By Zhou Wenting in Shanghai | chinadaily.com.cn | Updated: 2020-04-09 09:50
Shanghai scientists have found in lab tests that a novel gene editing approach could for the first time regenerate retinal ganglion cells and therefore restore sight of mice that suffer from permanent visual impairment.
The technology, which converts particular glial cells into neurons, was also found to be able to help mice suffering from Parkinson's disease regain motor functions.
The lab results have provided insights into the clinical treatment of various neurodegenerative diseases, such as Parkinson's disease, Alzheimer's disease, muscular dystrophy, frostbite and certain types of blindness, said the research group from the Center for Excellence in Brain Science and Intelligence Technology, Chinese Academy of Sciences (CAS).
"The research team will soon find collaborators and proceed with lab tests on monkeys. If all the animal tests prove effective, we hope the results can be applied clinically for the well-being of humans," said Mu-ming Poo, an academician at CAS and the academic director of the center.
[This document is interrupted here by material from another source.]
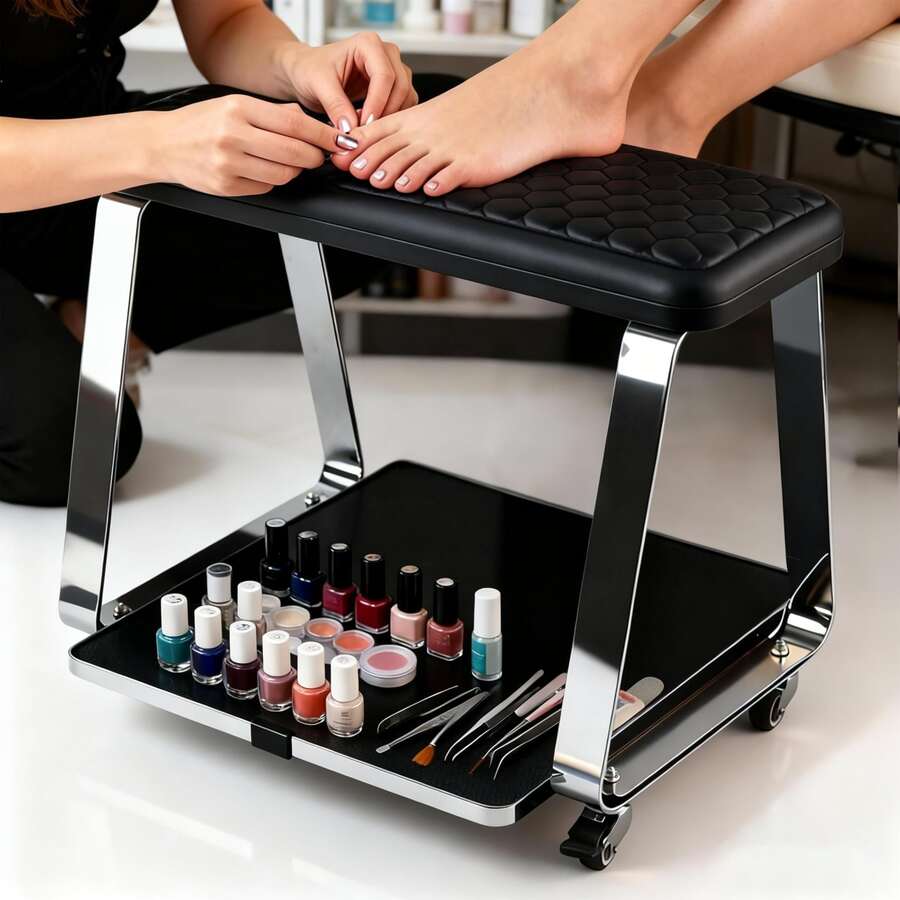 Shellovy Movable Pedicure Foot Rest Trolley Cart - Foot Bath Cart With Memory Foam Cushion, Tray & Wheels, Ideal For Beauty Salon - Black - View 1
Poo added that such approaches are internationally acclaimed and do not pose ethical disputes as they do not affect reproductive cells and thus future generations.
Scientists explained that the neurons in the human nervous system cannot regenerate after injury or death. Various other reasons, such as medication and genetic factors, can also lead to the death of neurons and thus trigger different neurodegenerative diseases.
It is estimated that more than 100 million people worldwide are living with neurodegenerative diseases, and the number is expected to rise as the aging population increases.
A type of permanent blindness caused by the death of retinal ganglion cells, a specific species of neurons functioning as the sole bridge linking the eyes and the brain, is another common neurodegenerative disorder.
In lab tests on mice, researchers discovered that the retinal ganglion cells derived from glial cells on the retinal ganglion cell layer can function as natural neurons to respond to light stimulation and are able to transmit visual signals to the brain.
"We found that such technology could revive the sensitivity to light for mice with impaired retinal ganglion cells," said Yang Hui, a leading researcher on the team.
Similarly, the researchers found that the approach could convert astrocytes, a type of glial cells, into dopamine neurons efficiently. Behavioral tests on mice with Parkinson's disease also showed that their motor dysfunctions were alleviated.
A paper about the study was published on the website of the United States-based journal Cell on Wednesday.
"Previous similar efforts focused on knockdown of toxic mutant transcripts in models of mendelian inherited genetic disease, whereas this study presents the novel aspect of using these tools for in vivo therapeutic cell fate conversion, which is interesting and could be a broadly applicable approach," read a peer review.